Each line of the material below is to be written out exactly. Leave out any picture.

- Given data -
****************

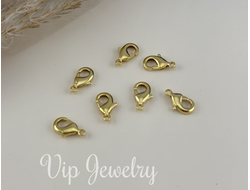 Замки, латунь, покрытие позолота, размер 12 мм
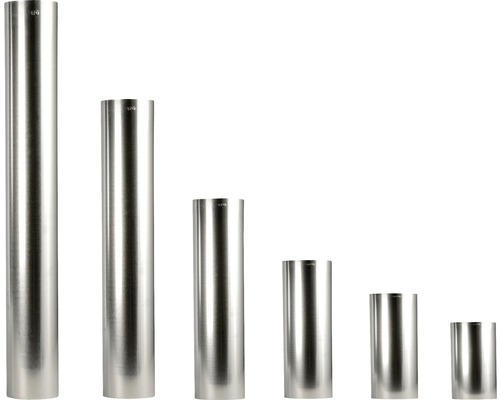 Gas-Ofenrohr Bertrams Ø 110 mm verzinkt silber 0,33 m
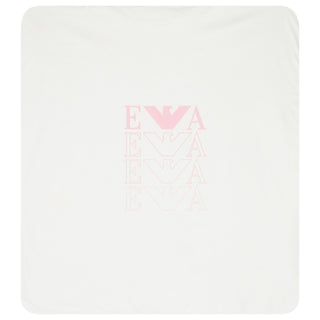 Pink Logo Print Blanket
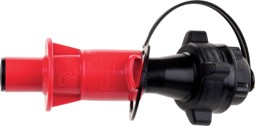 Bild von Sicherheitsauslaufrohr für Kraftstoffe rot/schwarz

****************

- Reply to the task -
 Замки, латунь, покрытие позолота, размер 12 мм
 Gas-Ofenrohr Bertrams Ø 110 mm verzinkt silber 0,33 m
 Pink Logo Print Blanket
 Bild von Sicherheitsauslaufrohr für Kraftstoffe rot/schwarz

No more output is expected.